ESQUINA MAIS DE UM MILHÃO, POR NORA PRADO (*)
- Alexandre Costa
- 28 de jan. de 2022
- 4 min de leitura

Nesta semana fui com meu filho, Aramis, assistir ao Show Clube da Esquina Tributo RS na programação do Porto Verão Alegre e com a chancela luxuosa de Deborah Finocchiaro e Roger Lerina que pousaram o Sarau Voador no Instituto Ling. Assim como eu, meu filho adora as canções de Milton Nascimento e estava ansioso para que este dia chegasse. Ele sabia que seria um outro grupo interpretando as músicas do mestre, mas não tinha importância. A banda incompleta, por razões alheias à sua vontade, deu um show de talento e competência com a voz e violão do Alemão Jef, contrabaixo de Daniel Vlacic e bateria de Rainer Eteiner num passeio pelo Clube da Esquina, disco antológico realizado por aquela turma de mineiros geniais no começo da década de setenta e que neste ano completa 50 anos do seu lançamento.
Realizado no salão de baixo, com o devido distanciamento e os protocolos necessários, com a vista ampla para o belo jardim do Ling ao fundo, o show contou com as letras ditas por Deborah, Roger e a banda, que alternavam as canções com trechos de livros no qual os seus autores revelam detalhes preciosos desta época mágica.
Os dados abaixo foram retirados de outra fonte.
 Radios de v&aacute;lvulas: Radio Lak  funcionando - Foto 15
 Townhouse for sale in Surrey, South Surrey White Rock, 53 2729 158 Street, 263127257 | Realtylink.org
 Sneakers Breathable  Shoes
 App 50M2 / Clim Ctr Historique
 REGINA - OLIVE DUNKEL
Uma verdadeira viagem astral para quem, como eu, teve a sorte de ouvir essas belezas na flor da juventude. Reviver essas emoções foi algo comovente, não só por deixar vir à tona tantas memórias essenciais, como também perceber a força poética das letras, a beleza das melodias e os arranjos fabulosos que seguem frescos e atuais como se tivessem sido feitos hoje. Prova disso é a alegria com que o Aramis reconheceu, antes de mim, a canção Cais, música tema de abertura da novela Nos Tempos do Imperador.
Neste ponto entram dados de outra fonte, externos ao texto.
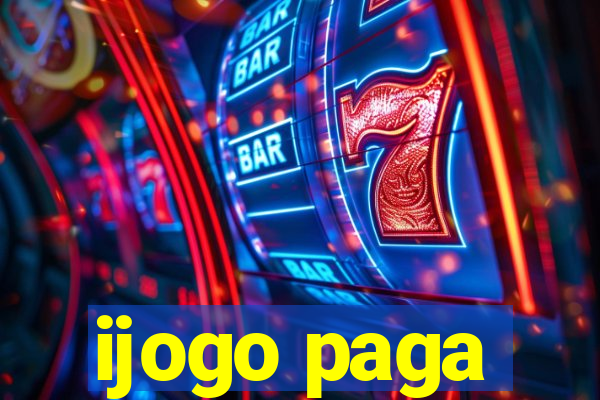 ijogo paga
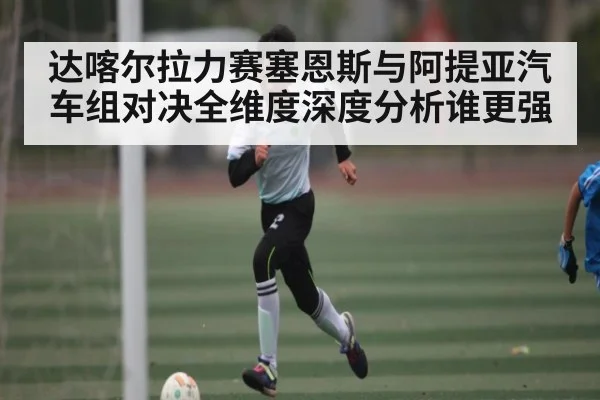 达喀尔拉力赛塞恩斯与阿提亚汽车组对决全维度深度分析谁更强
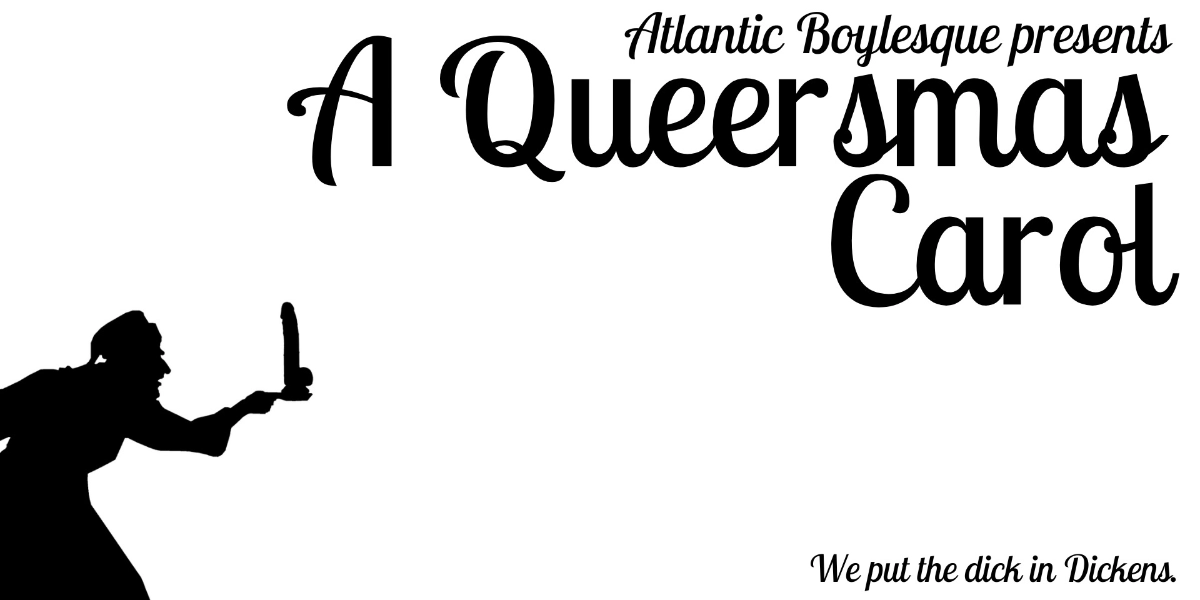 Event image for A Queersmas Carol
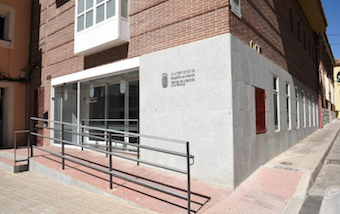 El CAF de Boadilla ha aumentado sus horas de atención a las familias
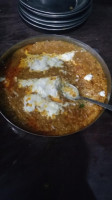 Punjabi Baori food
Clube da Esquina se tornou um clássico da MPB que encanta veteranos e novatos com igual intensidade. O disco foi tão bem recebido pelo público e crítica na época, que, anos depois, Milton Nascimento, o maior expoente desse rico e potente grupo de músicos, fez questão de voltar à fonte da sua esquina profética promovendo um reencontro com vários parceiros, mas agregando novos músicos e intérpretes num poderoso caldeirão de influências que resultou no genial Clube da Esquina 2. Esse formidável álbum duplo caiu nas graças da minha geração e de quem já era fã de Milton, Lô e Marcio Borges, Beto Guedes, Fernando Brant e o pessoal da esquina mais fértil do Brasil. Com a participação de Elis Regina e Joice, Violeta Parra e Mercedes Soza, além do Grupo Tacuabé, o álbum destila invenção, harmonias inusitadas e um frescor divino através de suas letras e melodias inesquecíveis. Um trabalho esmerado feito entre compositores, intérpretes e músicos amigos numa camaradagem fora do comum e unidos através do espírito da liberdade. O Brasil e a América Latina ainda viviam sob as nuvens sombrias da ditadura militar, mas o regime já dava sinais de esgotamento e o disco manifesta este anseio por mudança e a volta a um estado democrático de direito que não tardaria a chegar.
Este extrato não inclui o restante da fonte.